[Short text fragments from websites]
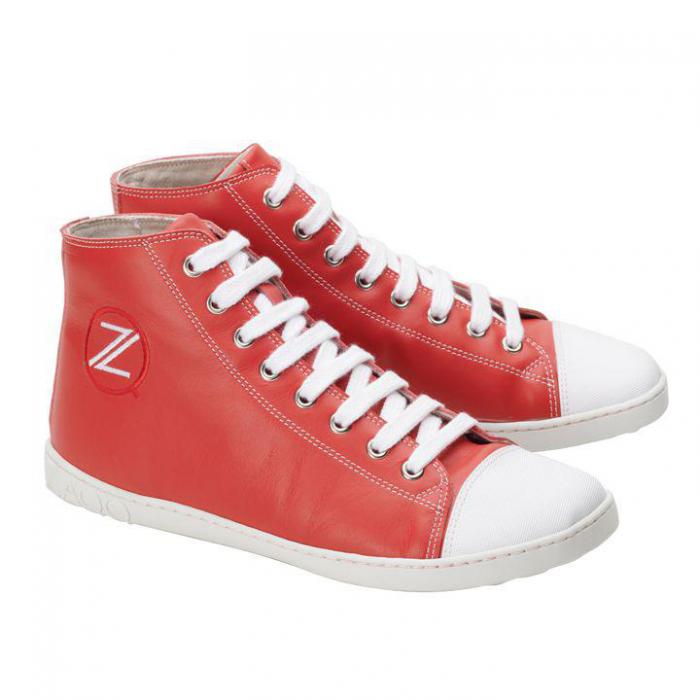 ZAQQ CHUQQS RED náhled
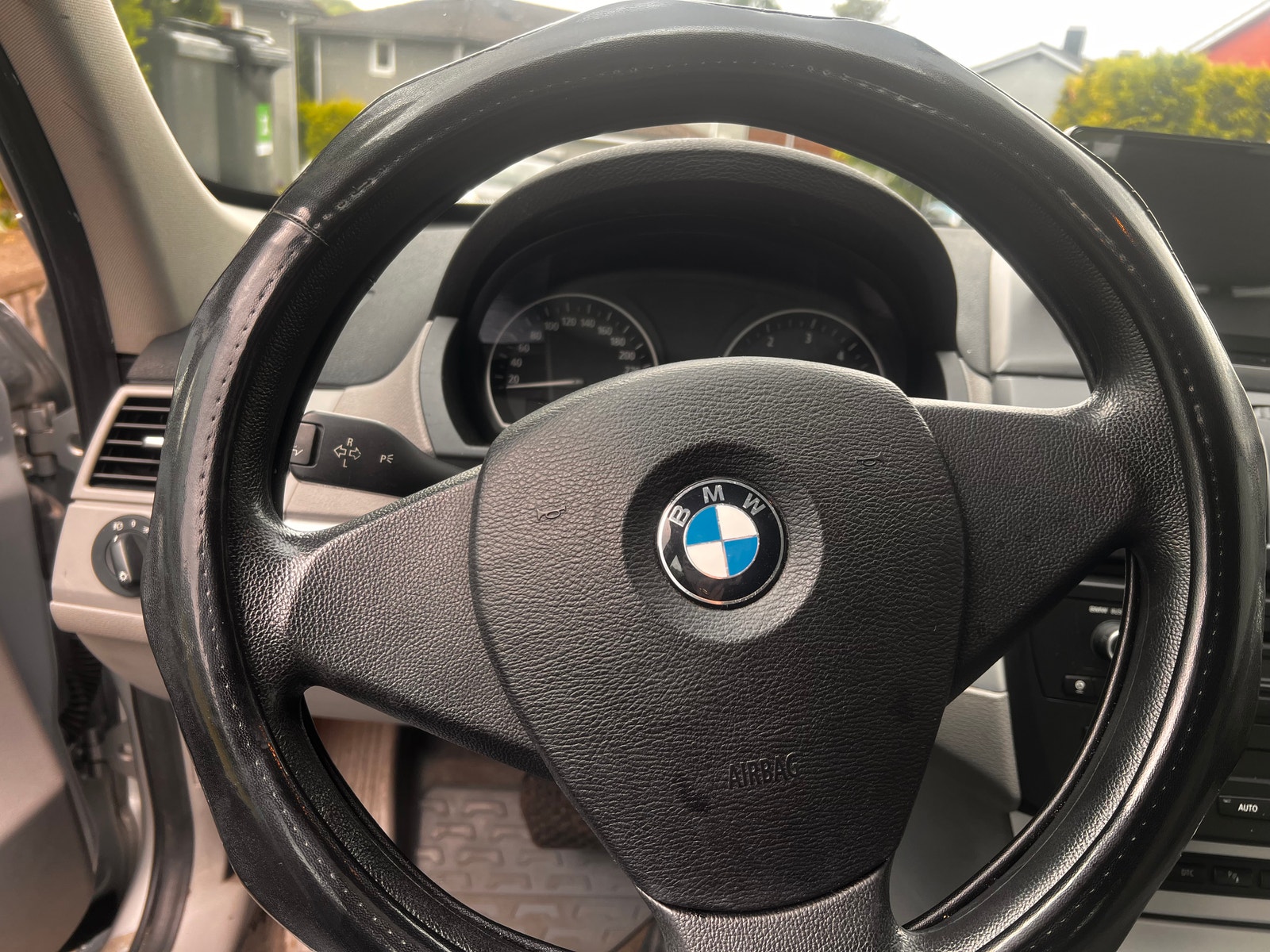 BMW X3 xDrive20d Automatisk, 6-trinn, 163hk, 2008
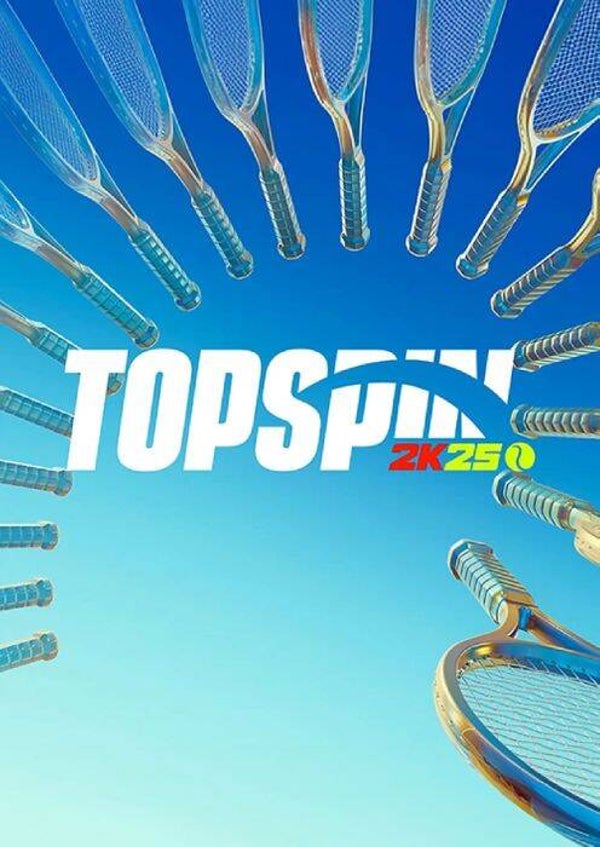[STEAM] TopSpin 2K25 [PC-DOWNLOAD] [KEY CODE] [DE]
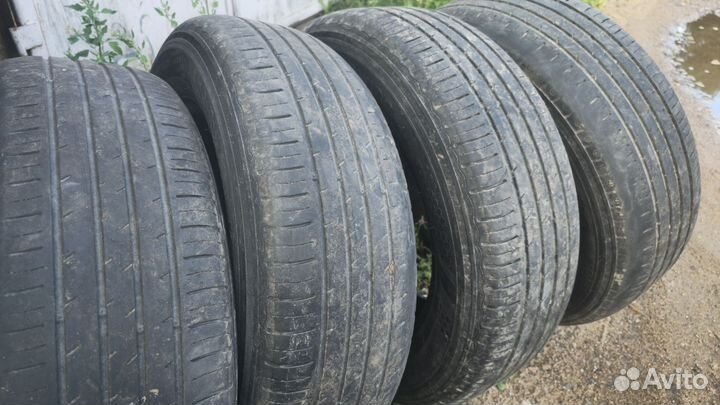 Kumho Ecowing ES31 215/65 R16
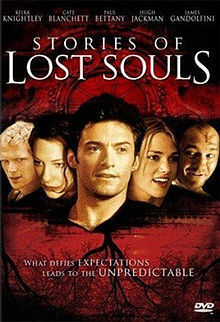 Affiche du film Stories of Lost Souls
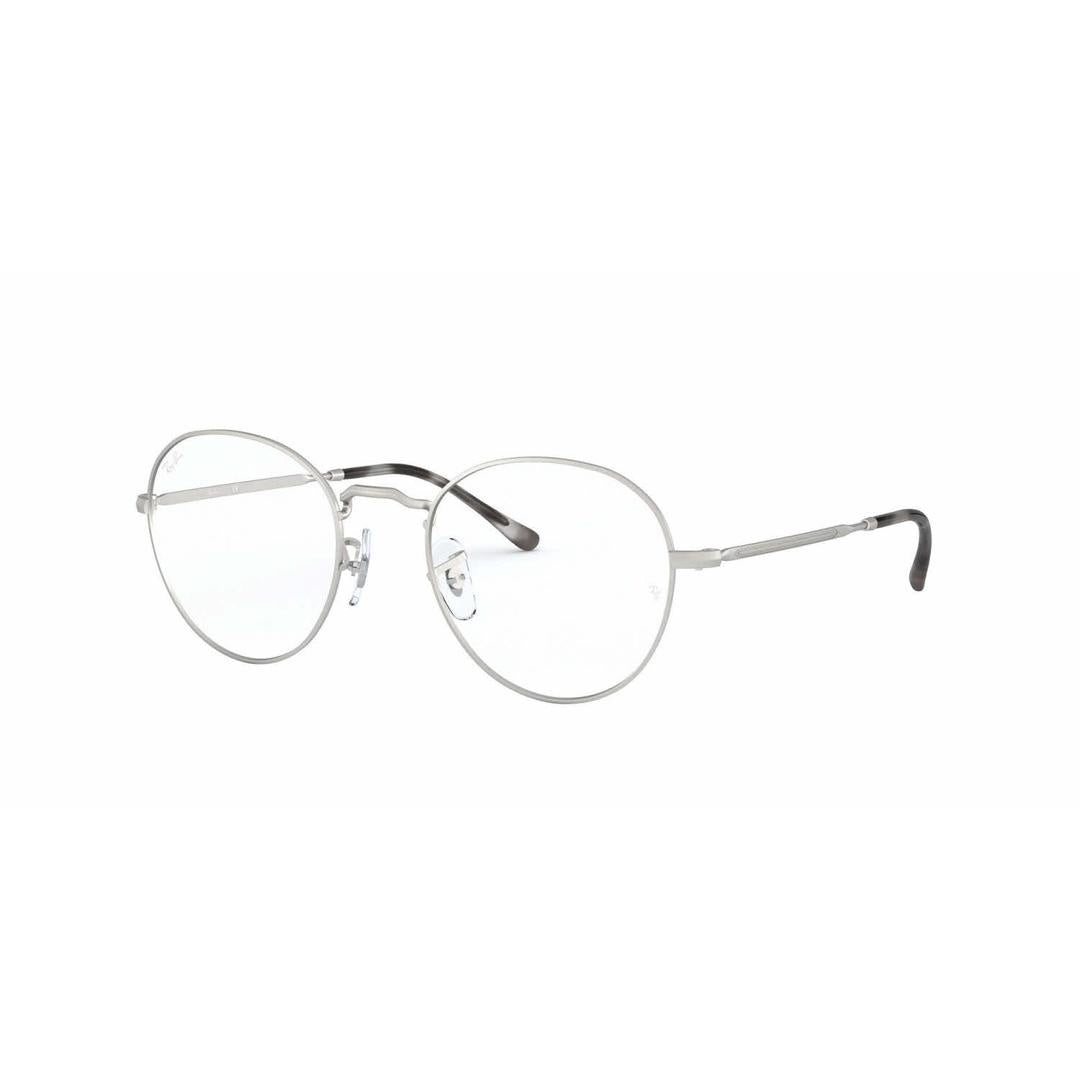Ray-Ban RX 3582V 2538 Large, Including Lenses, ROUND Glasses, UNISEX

GOAL OF THE EXERCISE
Please transcribe exactly the lines from the one containing "[STEAM] TopSpin 2K25" through the final line of the data, including both, and nothing else. Pictures are to be left out.

SOLUTION FOR THIS TASK
[STEAM] TopSpin 2K25 [PC-DOWNLOAD] [KEY CODE] [DE]
 Kumho Ecowing ES31 215/65 R16
 Affiche du film Stories of Lost Souls
Ray-Ban RX 3582V 2538 Large, Including Lenses, ROUND Glasses, UNISEX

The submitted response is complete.